------ Data section ------
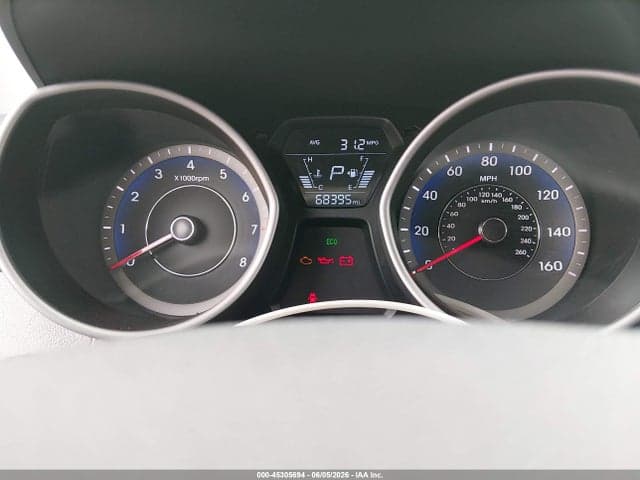 2016 HYUNDAI ELANTRA SE 7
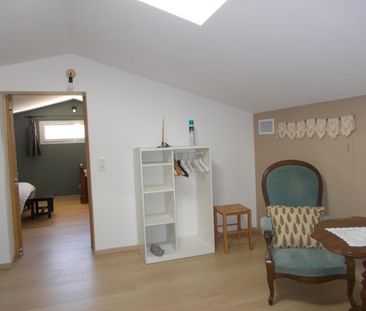 Location / Maison contemporaine - Photo 2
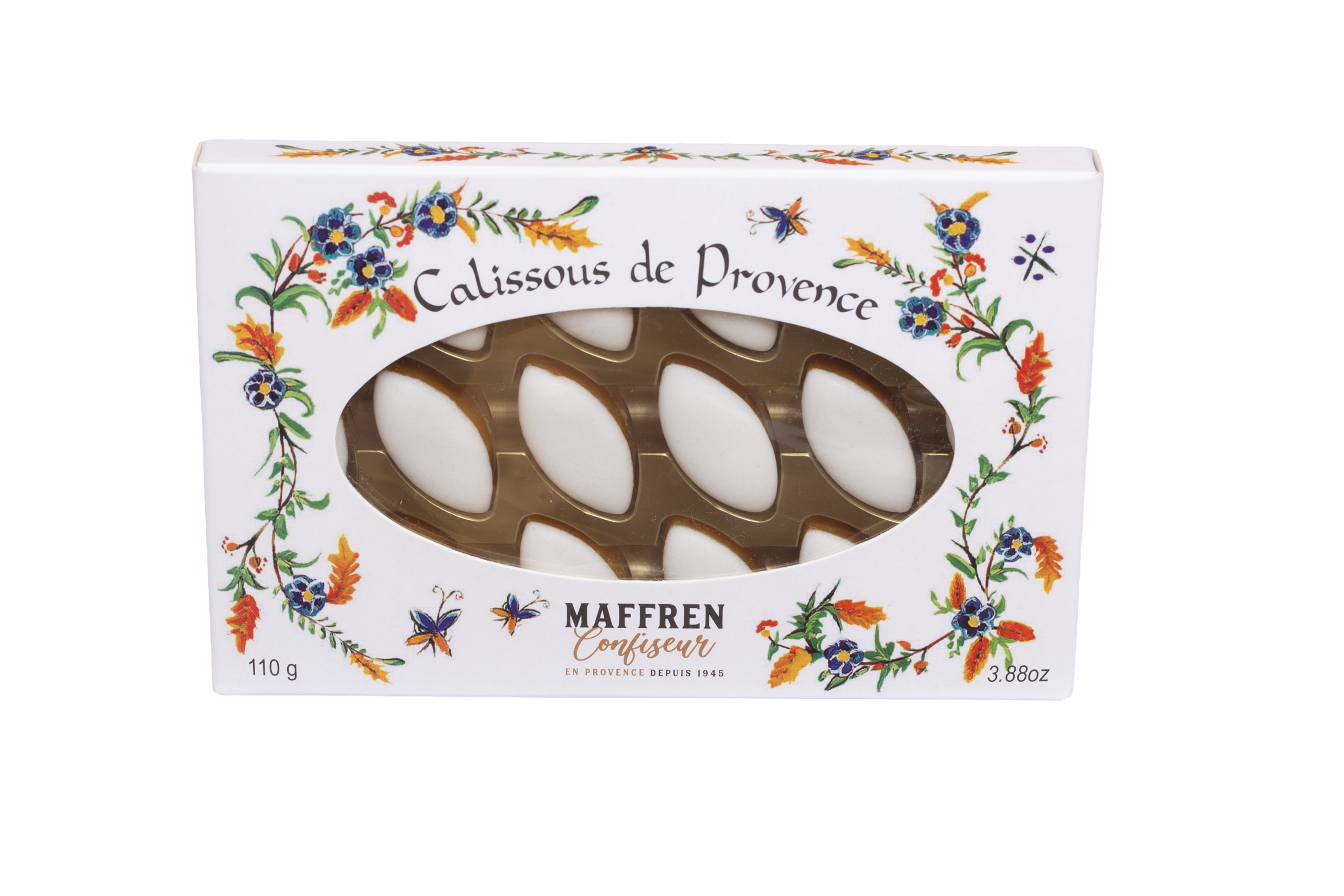 Calissons d'Aix en Provence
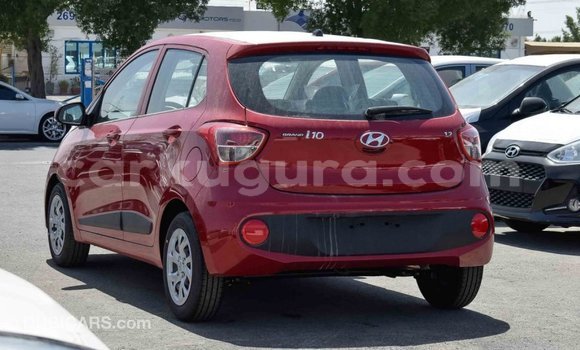Nunua Imported Hyundai i10 Nyekundu Gari ndani ya Import - Dubai nchini Bujumbura Nunua Imported Hyundai i10 Nyekundu Gari ndani ya Import - Dubai nchini Bujumbura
------
Your assignment |
Restate word for word each line from the one containing "Calissons d'Aix en Provence" through the end of the material, pictures excluded.

Exercise solution |
 Calissons d'Aix en Provence
Nunua Imported Hyundai i10 Nyekundu Gari ndani ya Import - Dubai nchini Bujumbura Nunua Imported Hyundai i10 Nyekundu Gari ndani ya Import - Dubai nchini Bujumbura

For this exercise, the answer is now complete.